Dashboards start to pop up
ETLs take a life of their own and become very dynamic. Departments add new processes and generate their own “datamarts”. And all of a sudden, you will see that this data is EXACTLY what dashboards need to show. Except that there will be no extra ETL needed: all you’ll need to do is add an extra “export” box at the end of you existing ETL, and your BI tool will receive, in real time, all the data it needs. As many departments typically have already started to play around, you decide to implement Qlik, Tableau, PowerBI, Kibella, or other (anatella has native connectors for all of them). BI Tools provide new ways of doing analytics, more visual, more standardized, and this give the organization a much broader analytics capability.

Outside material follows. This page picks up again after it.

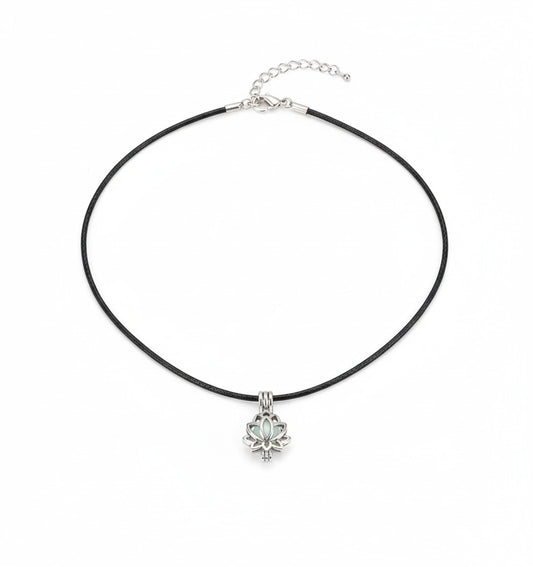 שרשרת תליון פרח ואבן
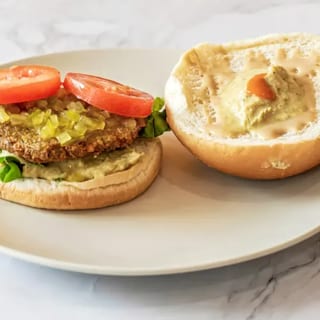 Falafel Burger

Predictive Analytics popped up, too.
While doing this process, in some departments, analysts will already have started to use the data in algorithms for auditing or predictive needs. Note that nobody had to wait for dashboards to be there. The only requirement was a trustworthy source of information, and the promise not to interrupt operations.
After a few iterations, they put those models into production, and they run automatically as soon as the data lake is updated. And it will already send its results to the database that feeds information to your BI tools. Predictive Analytics datalakes are completely different animals, but business stakeholders quickly realize they too can use them to specify filters and target and get insights on the drivers of specific business situations. Predictive analytics now fulfills different needs: the traditional marketing automation, demand planning, financial planning and risk management, but also as a customer insight and anomaly insight exploration system.
The Move to Self Service
At the moment you adopted anatella, you had self service analytics for some power users. As you grow in maturity, you empower more business analysts to play with the data. As they no longer even touch the production database, there can be no negative impacts on systems, and they quickly realize they have similar needs as their colleagues in other departments. They develop processes that become nodes, shared on a central platform. As they pose no threat to the data integrity, and there is no variable cost associated with the use of information, the organization wants data scientists to dig into the data as much as they can.
And one day, you find yourself in a board of directors meeting and the CFO and CMO pop up TIMi Modeler to run a quick predictive analysis using the absolute latest data to make a decision… and you realize you are way above where you expected to be today. This is the magic of being a data driven organization!